**PROBLEM DESCRIPTION**. Output the lines below exactly, please, from the first line until the line with "Benson Auto-ontvochtiger Herbruikbaar", counting both.

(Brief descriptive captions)

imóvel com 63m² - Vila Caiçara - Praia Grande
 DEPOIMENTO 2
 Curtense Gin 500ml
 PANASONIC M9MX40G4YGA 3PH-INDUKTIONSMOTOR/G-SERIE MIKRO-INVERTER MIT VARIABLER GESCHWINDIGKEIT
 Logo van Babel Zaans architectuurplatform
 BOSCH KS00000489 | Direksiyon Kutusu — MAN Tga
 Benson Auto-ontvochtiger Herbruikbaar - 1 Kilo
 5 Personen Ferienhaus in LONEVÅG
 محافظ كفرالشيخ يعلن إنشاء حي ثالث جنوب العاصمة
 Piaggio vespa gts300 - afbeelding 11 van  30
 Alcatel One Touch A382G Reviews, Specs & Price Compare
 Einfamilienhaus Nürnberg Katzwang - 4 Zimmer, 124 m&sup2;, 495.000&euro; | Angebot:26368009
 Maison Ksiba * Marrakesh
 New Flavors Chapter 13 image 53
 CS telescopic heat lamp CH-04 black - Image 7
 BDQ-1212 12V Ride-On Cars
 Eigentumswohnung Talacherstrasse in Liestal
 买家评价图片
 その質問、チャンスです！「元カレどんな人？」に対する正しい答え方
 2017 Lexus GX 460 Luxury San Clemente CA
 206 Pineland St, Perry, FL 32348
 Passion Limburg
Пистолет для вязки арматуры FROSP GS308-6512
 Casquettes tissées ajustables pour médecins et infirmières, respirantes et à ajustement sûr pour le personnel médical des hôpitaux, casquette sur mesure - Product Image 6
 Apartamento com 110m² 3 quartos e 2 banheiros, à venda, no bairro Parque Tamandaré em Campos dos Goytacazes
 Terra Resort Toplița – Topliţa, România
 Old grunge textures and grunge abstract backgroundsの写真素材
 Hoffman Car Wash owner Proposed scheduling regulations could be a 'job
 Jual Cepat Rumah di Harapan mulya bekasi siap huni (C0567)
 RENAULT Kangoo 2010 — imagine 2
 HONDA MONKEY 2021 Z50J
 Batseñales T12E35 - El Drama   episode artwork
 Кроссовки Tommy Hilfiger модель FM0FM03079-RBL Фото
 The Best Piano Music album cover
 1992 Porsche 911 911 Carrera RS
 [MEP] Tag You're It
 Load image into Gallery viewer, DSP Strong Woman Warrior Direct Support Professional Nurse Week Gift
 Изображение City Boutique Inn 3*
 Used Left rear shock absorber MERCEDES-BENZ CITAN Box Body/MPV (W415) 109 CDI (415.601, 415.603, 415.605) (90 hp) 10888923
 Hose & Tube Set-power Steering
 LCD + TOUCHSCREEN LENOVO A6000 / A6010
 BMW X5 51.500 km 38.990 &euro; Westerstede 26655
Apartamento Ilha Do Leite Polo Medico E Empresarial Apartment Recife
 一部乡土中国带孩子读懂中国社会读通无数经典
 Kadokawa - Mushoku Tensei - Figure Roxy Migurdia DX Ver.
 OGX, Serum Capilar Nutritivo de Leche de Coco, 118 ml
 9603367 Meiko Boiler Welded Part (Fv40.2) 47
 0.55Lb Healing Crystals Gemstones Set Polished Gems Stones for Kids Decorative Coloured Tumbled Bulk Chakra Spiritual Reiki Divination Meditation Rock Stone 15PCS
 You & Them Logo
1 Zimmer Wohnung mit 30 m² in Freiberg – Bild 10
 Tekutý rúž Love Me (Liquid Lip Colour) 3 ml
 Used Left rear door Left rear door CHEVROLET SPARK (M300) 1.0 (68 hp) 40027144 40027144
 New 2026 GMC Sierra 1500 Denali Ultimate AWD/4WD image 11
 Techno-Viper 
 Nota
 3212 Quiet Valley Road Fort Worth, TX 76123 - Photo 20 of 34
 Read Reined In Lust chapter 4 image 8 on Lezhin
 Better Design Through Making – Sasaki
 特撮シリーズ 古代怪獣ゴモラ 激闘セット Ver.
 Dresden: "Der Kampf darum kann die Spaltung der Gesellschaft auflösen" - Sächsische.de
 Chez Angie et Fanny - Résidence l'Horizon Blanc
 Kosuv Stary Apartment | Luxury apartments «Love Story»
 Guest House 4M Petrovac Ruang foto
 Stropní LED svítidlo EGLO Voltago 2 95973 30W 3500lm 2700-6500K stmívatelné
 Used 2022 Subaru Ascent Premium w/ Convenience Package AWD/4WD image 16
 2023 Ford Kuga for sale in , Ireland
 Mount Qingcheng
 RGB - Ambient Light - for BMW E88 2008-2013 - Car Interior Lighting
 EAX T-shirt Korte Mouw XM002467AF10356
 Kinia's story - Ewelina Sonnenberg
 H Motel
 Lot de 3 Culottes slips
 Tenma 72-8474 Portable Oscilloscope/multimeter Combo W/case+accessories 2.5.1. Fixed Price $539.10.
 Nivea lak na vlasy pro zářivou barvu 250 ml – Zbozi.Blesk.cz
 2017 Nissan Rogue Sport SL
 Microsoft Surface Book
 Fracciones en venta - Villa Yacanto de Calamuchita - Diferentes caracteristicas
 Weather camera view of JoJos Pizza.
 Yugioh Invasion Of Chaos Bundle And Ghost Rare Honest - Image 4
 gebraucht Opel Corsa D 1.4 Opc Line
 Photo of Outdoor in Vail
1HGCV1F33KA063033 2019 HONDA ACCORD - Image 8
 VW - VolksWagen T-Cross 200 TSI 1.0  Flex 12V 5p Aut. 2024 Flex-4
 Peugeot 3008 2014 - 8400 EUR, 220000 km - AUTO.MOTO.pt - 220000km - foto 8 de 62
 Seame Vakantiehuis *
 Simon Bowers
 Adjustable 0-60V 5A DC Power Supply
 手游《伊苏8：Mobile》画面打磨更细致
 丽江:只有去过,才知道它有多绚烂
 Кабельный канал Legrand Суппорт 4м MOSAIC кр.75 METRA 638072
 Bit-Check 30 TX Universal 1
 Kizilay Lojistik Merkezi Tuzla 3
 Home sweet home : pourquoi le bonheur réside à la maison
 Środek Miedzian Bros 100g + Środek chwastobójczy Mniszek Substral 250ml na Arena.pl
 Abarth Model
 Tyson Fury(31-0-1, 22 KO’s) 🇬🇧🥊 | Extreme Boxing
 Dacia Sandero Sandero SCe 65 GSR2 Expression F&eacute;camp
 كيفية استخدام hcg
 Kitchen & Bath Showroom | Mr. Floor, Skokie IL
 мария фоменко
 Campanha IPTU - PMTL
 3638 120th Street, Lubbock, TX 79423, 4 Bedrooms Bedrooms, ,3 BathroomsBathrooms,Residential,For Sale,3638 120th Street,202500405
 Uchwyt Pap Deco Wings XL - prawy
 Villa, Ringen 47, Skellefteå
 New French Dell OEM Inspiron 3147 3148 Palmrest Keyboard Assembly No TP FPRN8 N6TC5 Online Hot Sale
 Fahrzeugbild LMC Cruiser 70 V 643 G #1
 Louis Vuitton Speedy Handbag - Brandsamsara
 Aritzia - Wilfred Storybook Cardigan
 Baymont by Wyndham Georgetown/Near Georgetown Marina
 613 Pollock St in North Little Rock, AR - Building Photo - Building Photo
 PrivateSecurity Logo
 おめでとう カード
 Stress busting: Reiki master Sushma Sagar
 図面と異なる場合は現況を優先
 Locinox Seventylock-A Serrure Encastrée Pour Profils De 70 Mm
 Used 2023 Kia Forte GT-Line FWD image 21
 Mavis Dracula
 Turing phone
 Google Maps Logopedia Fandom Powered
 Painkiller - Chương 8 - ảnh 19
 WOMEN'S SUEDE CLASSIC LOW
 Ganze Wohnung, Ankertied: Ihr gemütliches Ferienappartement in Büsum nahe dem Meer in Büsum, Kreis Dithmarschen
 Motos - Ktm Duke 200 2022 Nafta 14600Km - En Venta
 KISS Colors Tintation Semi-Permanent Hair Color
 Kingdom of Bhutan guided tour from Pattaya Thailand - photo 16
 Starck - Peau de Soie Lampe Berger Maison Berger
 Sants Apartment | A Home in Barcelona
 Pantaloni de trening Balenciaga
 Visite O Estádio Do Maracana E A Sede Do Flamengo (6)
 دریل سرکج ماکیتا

**RESPONSE FOR THIS EXERCISE**.
imóvel com 63m² - Vila Caiçara - Praia Grande
 DEPOIMENTO 2
 Curtense Gin 500ml
 PANASONIC M9MX40G4YGA 3PH-INDUKTIONSMOTOR/G-SERIE MIKRO-INVERTER MIT VARIABLER GESCHWINDIGKEIT
 Logo van Babel Zaans architectuurplatform
 BOSCH KS00000489 | Direksiyon Kutusu — MAN Tga
 Benson Auto-ontvochtiger Herbruikbaar - 1 Kilo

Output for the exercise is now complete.